Parameter Type Description Default Value
number_of_trees integer The number of trees in the forest 30
shingle_size integer A shingle, or a consecutive sequence of the most recent records 8
sample_size integer The sample size used by stream samplers in the forest 256
output_after integer The number of points required by stream samplers before results return 32
time_decay double The decay factor used by stream samplers in the forest 0.0001
anomaly_rate double The anomaly rate 0.005
time_field string (Required) The time filed for RCF to use as time series data N/A
date_format string The date and time format for the time_field field "yyyy-MM-ddHH:mm:ss"
time_zone string The time zone for the time_field field "UTC"

APIs

Limitations

For FIT RCF, you can train the model with historical data and store the trained model in your index. The model will be deserialized and predict new data points when using the Predict API. However, the model in the index will not be refreshed with new data, because the model is fixed in time.

Localization

The Localization algorithm finds subset-level information for aggregate data (for example, aggregated over time) that demonstrates the activity of interest, such as spikes, drops, changes, or anomalies.
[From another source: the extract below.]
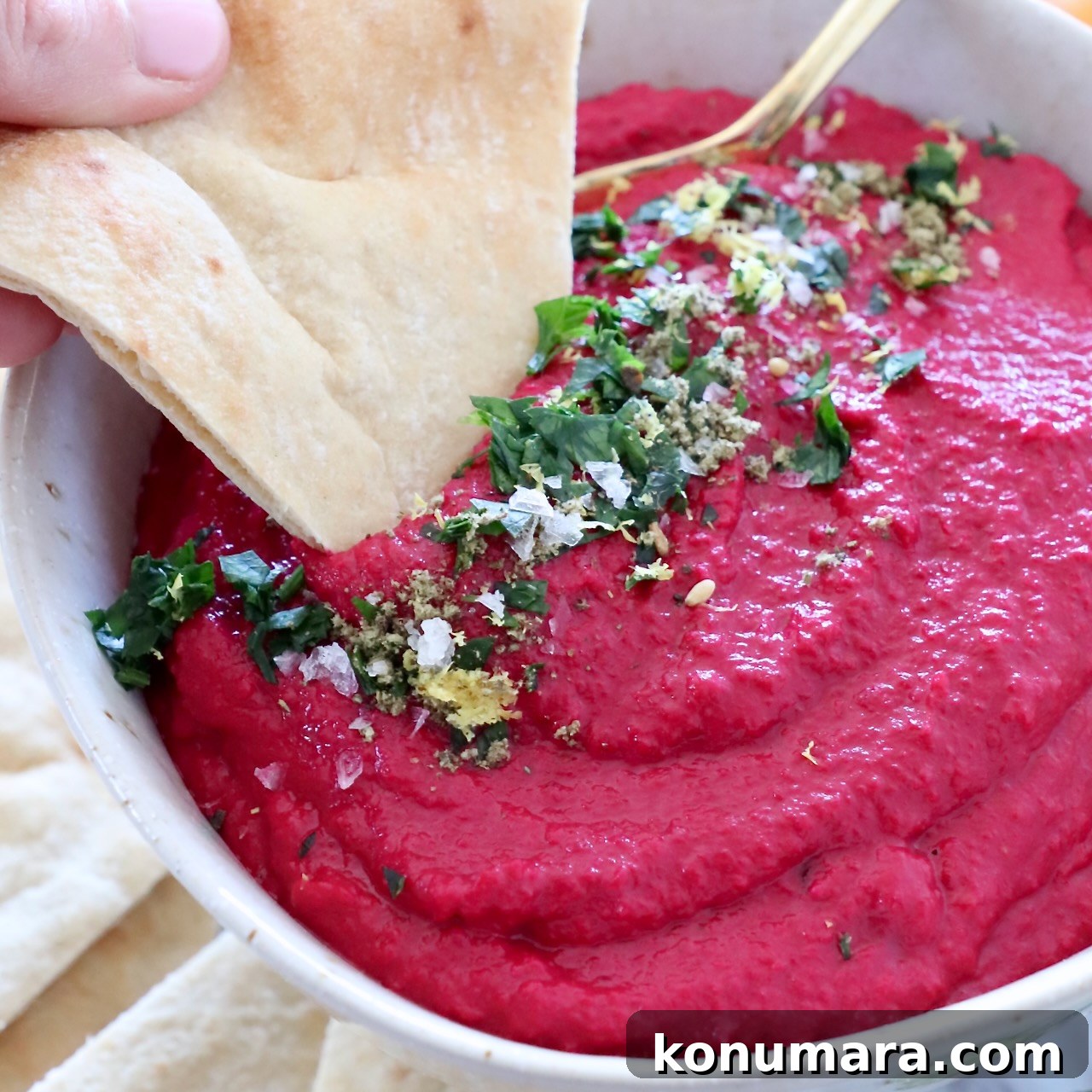 beet hummus in bowl with piece of pita bread dipped into the hummus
Localization can be applied in different scenarios, such as data exploration or root cause analysis, to expose the contributors driving the activity of interest in the aggregate data.

Parameters

All parameters are required except filter_query and anomaly_start.

Parameter Type Description Default Value
index_name String The data collection to analyze N/A
attribute_field_names List The fields for entity keys N/A
aggregations List The fields and aggregation for values N/A
time_field_name String The timestamp field null
start_time Long The beginning of the time range 0
end_time Long The end of the time range 0
min_time_interval Long The minimum time interval/scale for analysis 0
num_outputs integer The maximum number of values from localization/slicing 0
filter_query Long (Optional) Reduces the collection of data for analysis Optional.empty()
anomaly_star QueryBuilder (Optional) The time after which the data will be analyzed Optional.empty()

Example: Execute localization

The following example executes Localization against an RCA index.

Request

POST /_plugins/_ml/_execute/anomaly_localization
{
  "index_name": "rca-index",
  "attribute_field_names": [
    "attribute"
  ],
  "aggregations": [
    {
      "sum": {
        "sum": {
          "field": "value"
        }
      }
    }
  ],
  "time_field_name": "timestamp",
  "start_time": 1620630000000,
  "end_time": 1621234800000,
  "min_time_interval": 86400000,
  "num_outputs": 10
}

Response

The API responds with the sum of the contribution and base values per aggregation, every time the algorithm executes in the specified time interval.

{
  "results" : [
    {
      "name" : "sum",
      "result" : {
        "buckets" : [
          {
            "start_time" : 1620630000000,
            "end_time" : 1620716400000,
            "overall_aggregate_value" : 65.0
          },
          {
            "start_time" : 1620716400000,
            "end_time" : 1620802800000,
            "overall_aggregate_value" : 75.0,
            "entities" : [
              {
                "key" : [
                  "attr0"
                ],
                "contribution_value" : 1.0,
                "base_value" : 2.0,
                "new_value" : 3.0
              },
              {
                "key" : [
                  "attr1"
                ],
                "contribution_value" : 1.0,
                "base_value" : 3.0,
                "new_value" : 4.0
              },
              {
                ...
              },
             {
                "key" : [
                  "attr8"
                ],
                "contribution_value" : 6.0,
                "base_value" : 10.0,
                "new_value" : 16.0
              },
              {
                "key" : [
                  "attr9"
                ],
                "contribution_value" : 6.0,
                "base_value" : 11.0,
                "new_value" : 17.0
              }
            ]
          }
        ]
      }
    }
  ]
}

Limitations

The Localization algorithm can only be executed directly. Therefore, it cannot be used with the ML Commons Train and Predict APIs.